American intelligence official and academic

Steven E. Meyer (born circa 1941) is an American former intelligence official and academic. He served for 25 years in the Central Intelligence Agency, most notably as the deputy chief of the agency's Interagency Balkan Task Force during the Yugoslav Wars of the 1990s. He is known for his involvement in the intelligence support for the Dayton Accords and his subsequent academic work at the National Defense University, where he became a critic of the United States foreign policy in Southeast Europe.

==Education==
Meyer graduated from the Eastern Christian High School in 1959, received a Bachelor of Science from the University of Wisconsin, followed by a Master of Science from Fordham University. He earned his PhD in political science from Georgetown University, where he specialized in comparative politics and passed his comprehensive examinations with distinction.

==Career==
After receiving his PhD, Meyer taught at Georgetown University for a period before moving into the private sector at the think tank Mathematica Inc. in 1974. From 1982 to 1983 he served as an American Political Science Association Congressional Fellow.

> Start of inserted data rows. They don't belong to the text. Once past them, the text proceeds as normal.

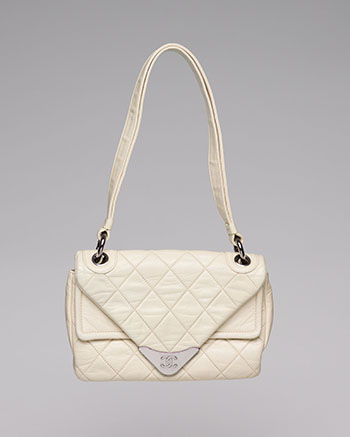 A WHITE MATELASSÉ LAMBSKIN SHOULDER BAG by  CHANEL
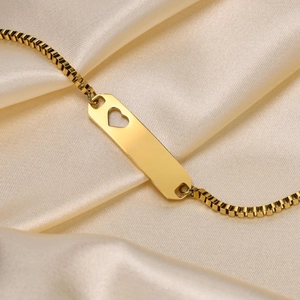 Detail of gold stainless steel bar bracelet with hollow heart and box chain on silk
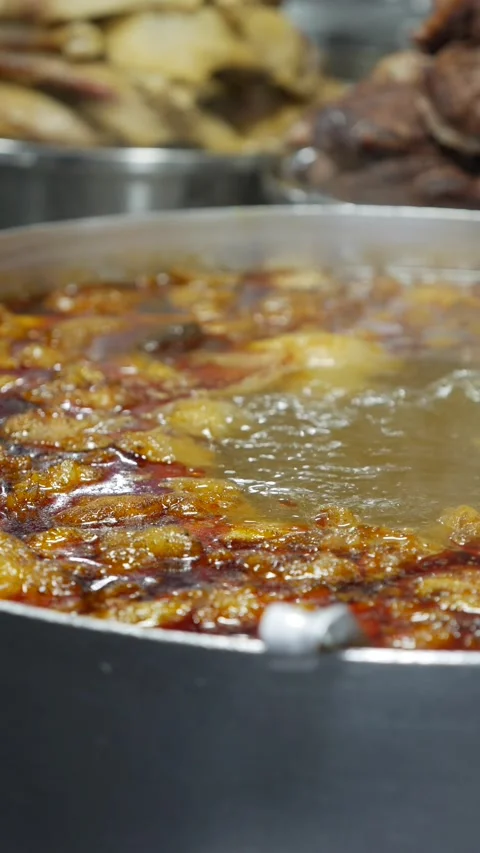 Vertical view shows Bun Mang Vit soup boiling in a large metal pot during Stock Footage 335206275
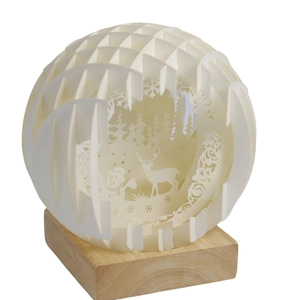 3D paper-cut globe lamp with winter forest scenery and wooden base for Christmas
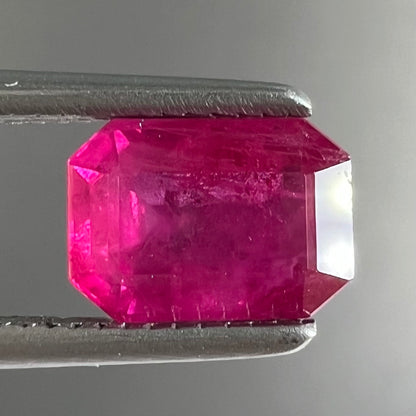 A natural, emerald cut Burma ruby with a purplish pinkish red color.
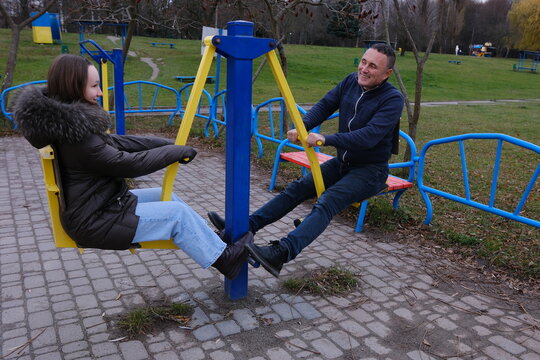Family values father and daughter are walking in nature lake in fall in cold weather, drinking coffee, laughing, playing on playground, reminiscing about childhood, working out on horizontal bars. - Powered by Adobe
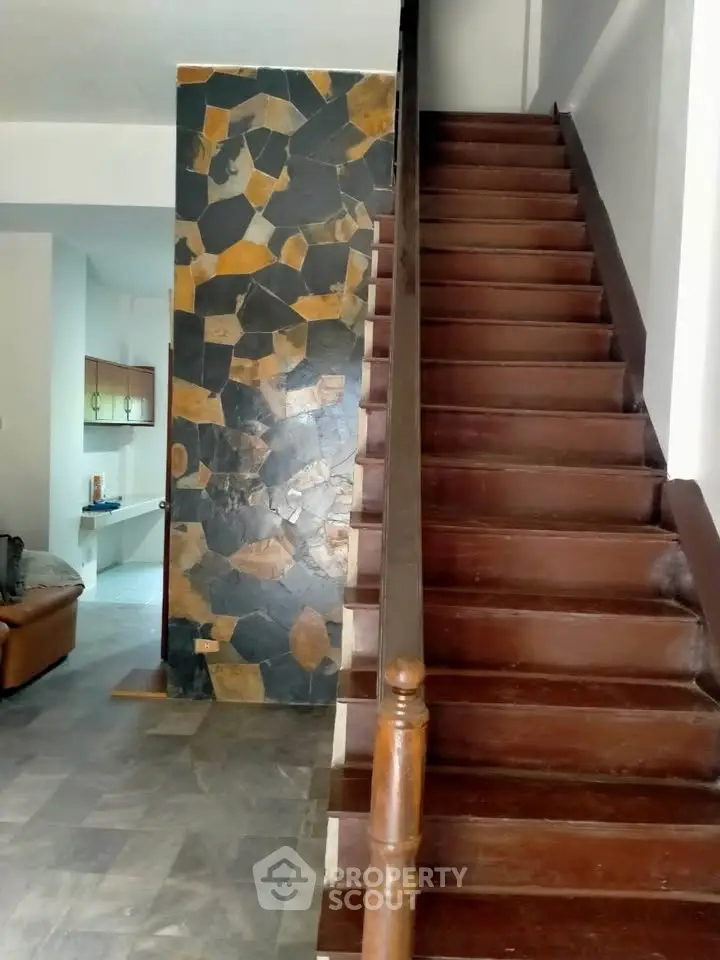 Charming interior with wooden staircase and unique stone accent wall in a cozy living space.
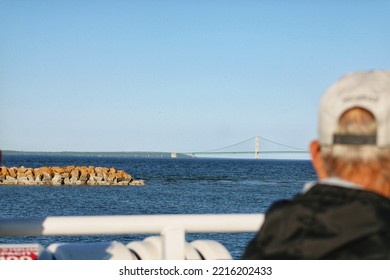 The Mackinac Bridge And Straits Of Mackinac From A Ferry Boat.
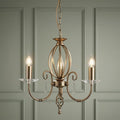 Elstead Aegean Aged Brass 3 Light Chandelier with crystal accents against a sage green paneled wall.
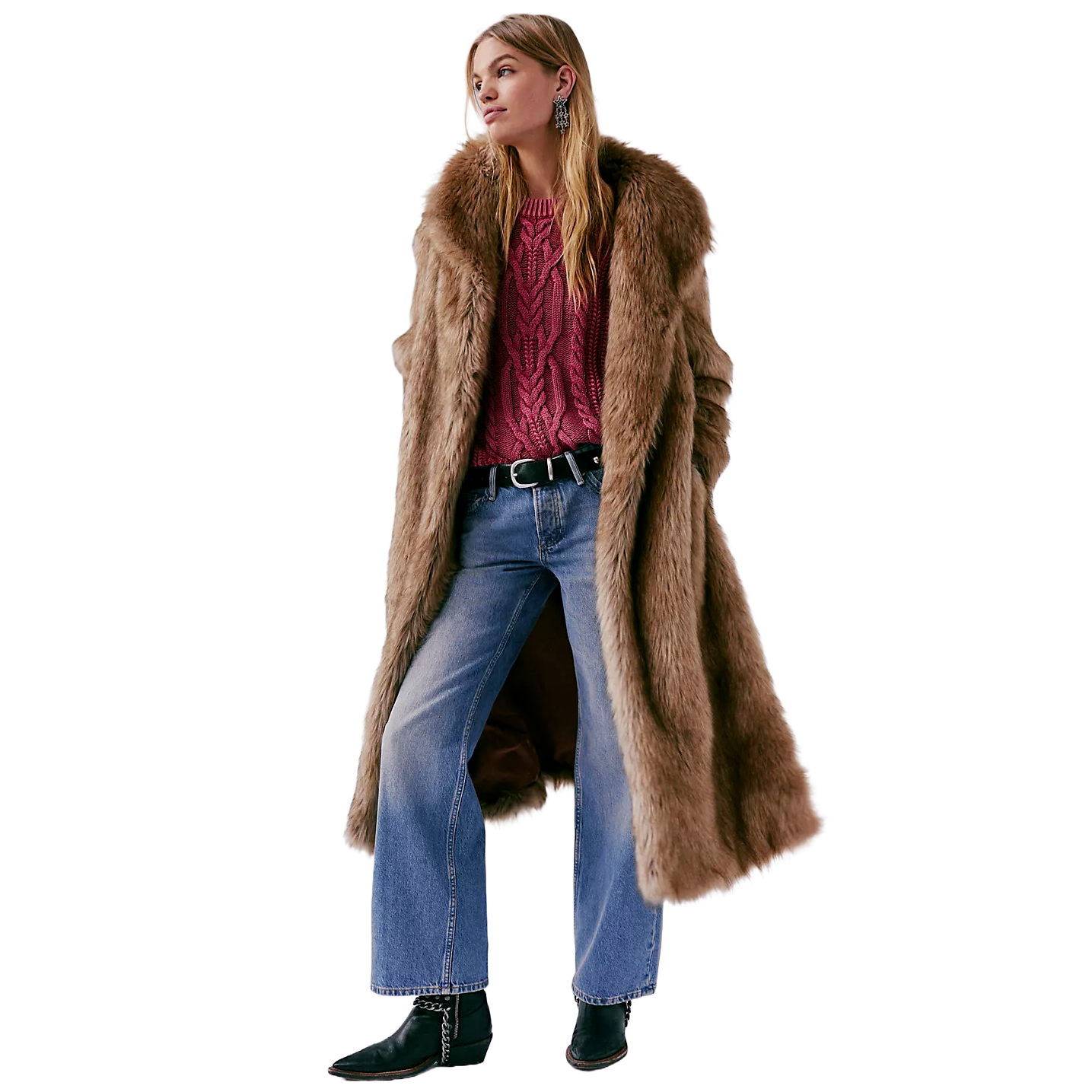 A person is wearing a long brown faux fur coat over a red cable-knit sweater, paired with blue jeans and black ankle boots.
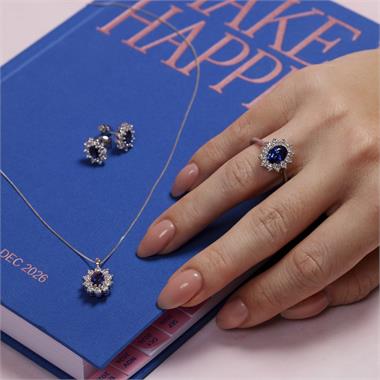 18ct White Gold Oval Sapphire and Diamond Cluster Engagement Ring thumbnail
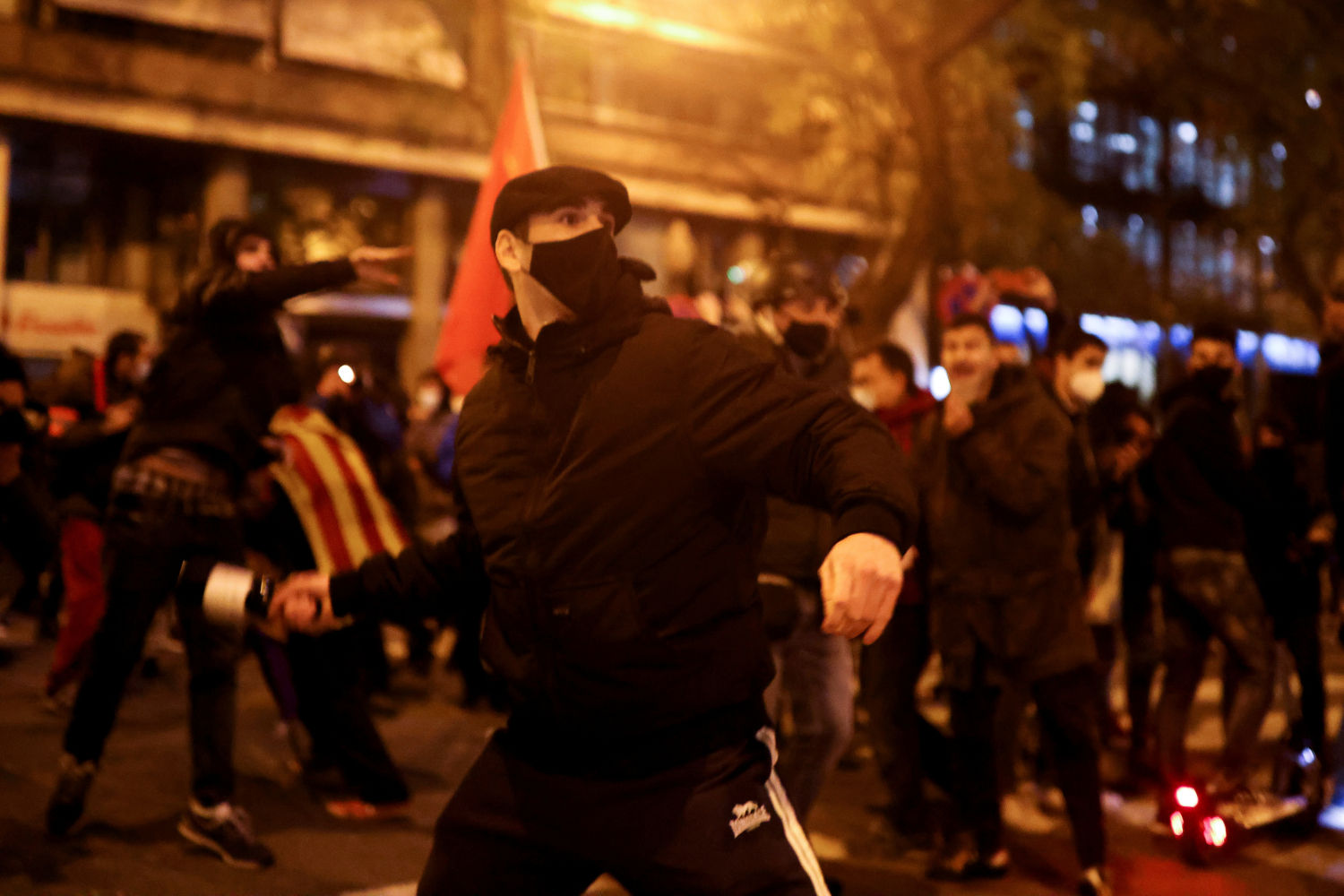 Supporters of Catalan rap singer Pablo Hasel take part in a protest against his arrest, after he was given a jail sentence on charges of glorifying terrorism and insulting royalty in his songs, in Barcelona, Spain, February 16, 2021. REUTERS/Nacho Doce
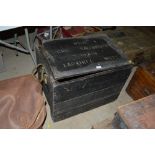A painted storage trunk with metal lined interior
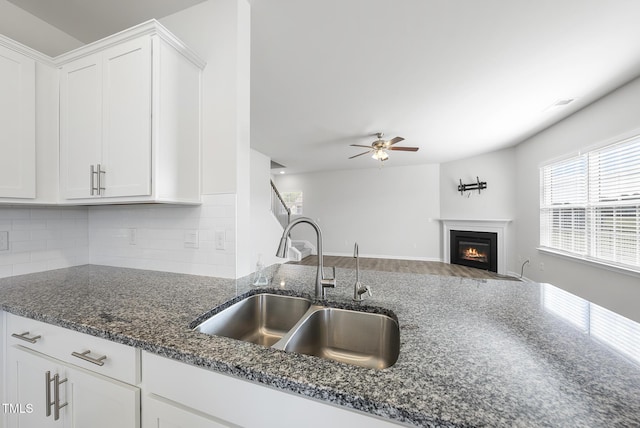 kitchen with a sink, a glass covered fireplace, white cabinetry, dark stone counters, and decorative backsplash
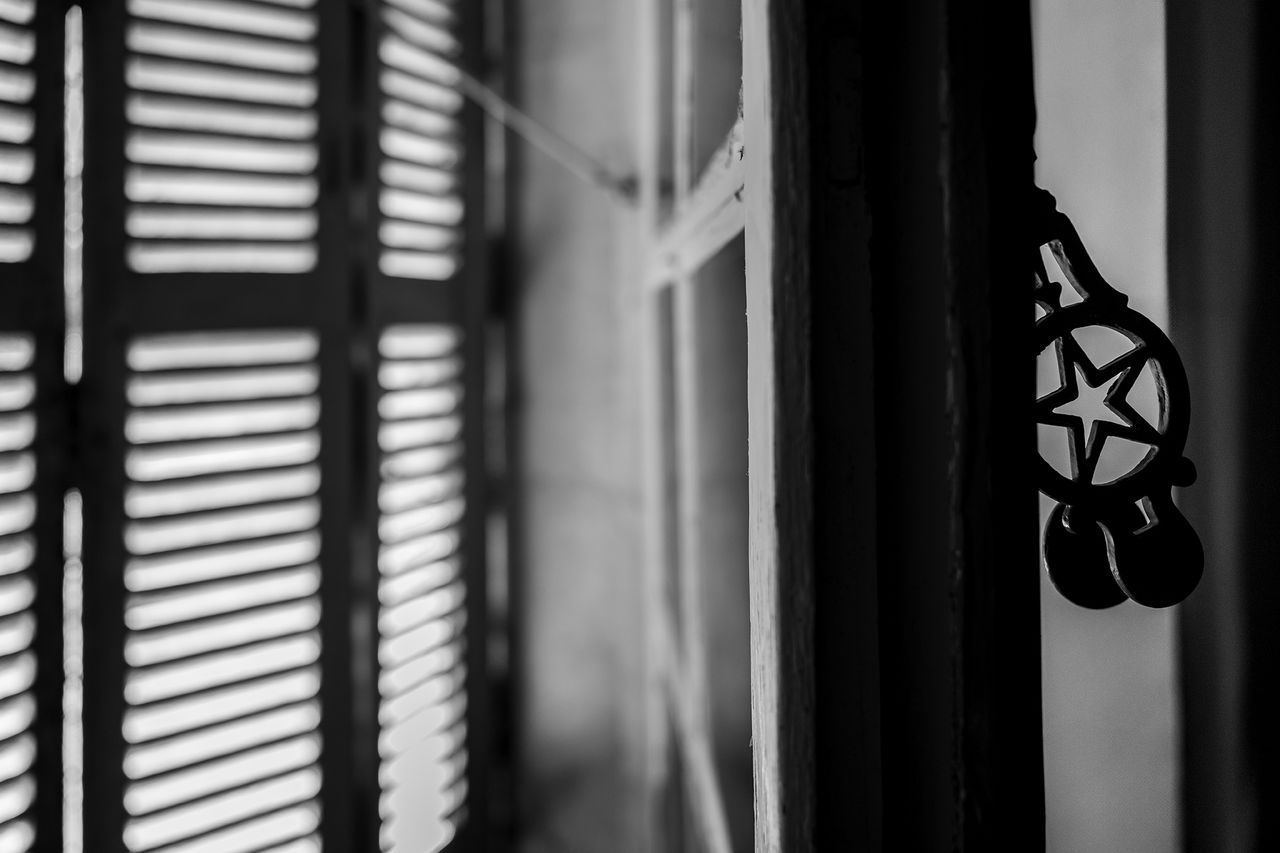 Behind closed shutters Black And White monochrome photography Monochrome Window No People Focus On Foreground Noir Et Blanc Volets Shutters Crémone Selective Focus On Subject Dof Light Shadow Etoile Star Nikon Z7 II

===Intelligence service===
Meyer's career in the CIA spanned from 1986 to 2011. He specialized in European and Russian politics, including work on nuclear weapons proliferation, arms control enforcement, and psychological profiling of political leaders. He provided intelligence support for the Intermediate-Range Nuclear Forces Treaty and conventional arms control talks in Vienna and Geneva.

During the Bosnian War and the subsequent conflicts in the Balkans, he served as the deputy chief of the CIA's Balkan Task Force for five years. In this capacity, he provided political and military analysis to the Clinton administration and was involved in the intelligence briefing process surrounding the Dayton Agreement.

===Academia and later work===
After retiring from the CIA, Meyer joined the faculty of the National Defense University in Washington, D.C., where he was a professor of political science and national security studies for 13 years. He later served as the dean of graduate studies and the chair of the National Security Program at the now-defunct Daniel Morgan Graduate School.

==Policy views==
Meyer is a frequent commentator on Balkan affairs, often espousing a realist perspective that diverges from official U.S. and NATO positions.

===On Balkan policy===
Meyer has criticized U.S. engagement in the Balkans as "imperial," arguing that Washington's focus on NATO credibility often took precedence over realities. He has suggested that the borders established after the breakup of Yugoslavia are not "sacrosanct" and has advocated for solutions that reflect ethnic demographics, including potential territorial exchanges in Kosovo.

===On NATO===
In 2002, Meyer published a controversial article titled "The Carcass of Dead Policies: The Irrelevance of NATO" in the journal Parameters, arguing that the alliance had lost its primary purpose following the end of the Cold War.